The notion of the presence of Christ as favor and gift is the essence of Luther's concept of justification. At least on the level of terminology, the distinction drawn in later Lutheranism between justification as forgiveness and sanctification as divine indwelling is alien to the Reformer. Forgiveness and indwelling of God are inseperable in the person of Christ, who is present in faith In that sense, in Luther's theology, justification and theosis as participation in God are also inseperable. (in Union with Christ: The New Finnish Interpretation of Luther. ed. Braaten and Jenson. Grand Rapids: Eerdmans, 1998, 38)

When Luther, in On Christian Liberty, speaks of us becoming "Christs to one another," he thus means it quite literally. After the Finns, it becomes difficult to read this work, which Luther himself considered a compendium of his thought, or passages like these, without hearing echoes from the East:

No good work can rely upon the Word of God or live in the soul, for faith alone and the Word of God rule in the soul. Just as the heated iron glows like fire because of the union of fire with it, so the Word imparts its qualities to the soul. It is clear, then, that a Christian has all that he needs in faith...(trans. Lambert, W.A. Minneapolis: Fortress Press, 2003, 15)

The third incomparable benefit of faith is that it unites the soul with Christ as a bride is united with her bridegroom. By this mystery, as the Apostle teaches, Christ and the soul become one flesh. And if they are one flesh ad there is between them a true marriage...it follows that everything they have they hold in common, he good as well as the evil...(ibid 18-19)

Here Luther merely uses language common to spiritual theologians throughout the history of the church, from St. Augustine, St. Bernard and Nicolas Cabasilas to St. Teresa of Avila and St. John of the Cross.

The Finns' re-visionary account holds great promise for ecumenical theology by positing a Luther engaged in broader catholic debates about ontology, theosis, and participation. In this sense, he belongs less to Protestant partisan politics and polemics, and can speak constructively as a teacher of the church - albeit, a radical, idiosyncratic, and by no means unproblematic pedagogue.

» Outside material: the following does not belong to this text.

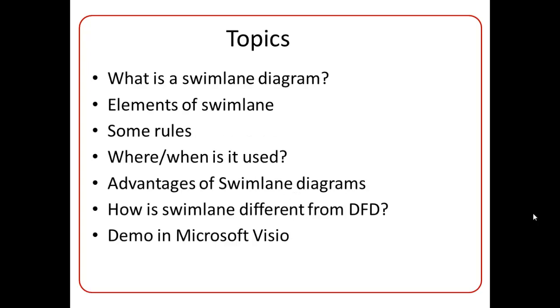The topics I'll be covering are: what is a Swimlane Diagram, the elements of Swimlane, some rules related to creating Swimlane Diagrams, where and when Swimlanes are used, the advantages of Swimlane Diagrams, and how they are different from DFDs. I'll end this presentation by showing how Swimlanes can be created in Microsoft Visio.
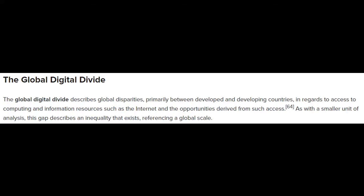To start, let us first identify what the word global divide means. The global divide, or the global digital divide, describes global disparities primarily between developed and developing countries in regards to access to computing and information resources such as the internet and the opportunities derived from such access. As with a smaller unit of analysis, this gap describes an inequality that exists referencing a global scale.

(For those interested in learning more, Carl Braaten and Robert Jenson's collection of lectures by Mannermaa and his circle, Union with Christ: The New Finnish Interpretation of Luther, is highly recommended as an introduction.)

1 comment:

  1. The Finnish scholarship is interesting stuff. I read this book after my first year at Luther. You're right though about it focusing on earlier Luther, especially his sermons. A big portion of what is referenced in that book happens in and around 1519, although there is certainly more. I haven't read to much about Finns and Luther's later work, any suggestions?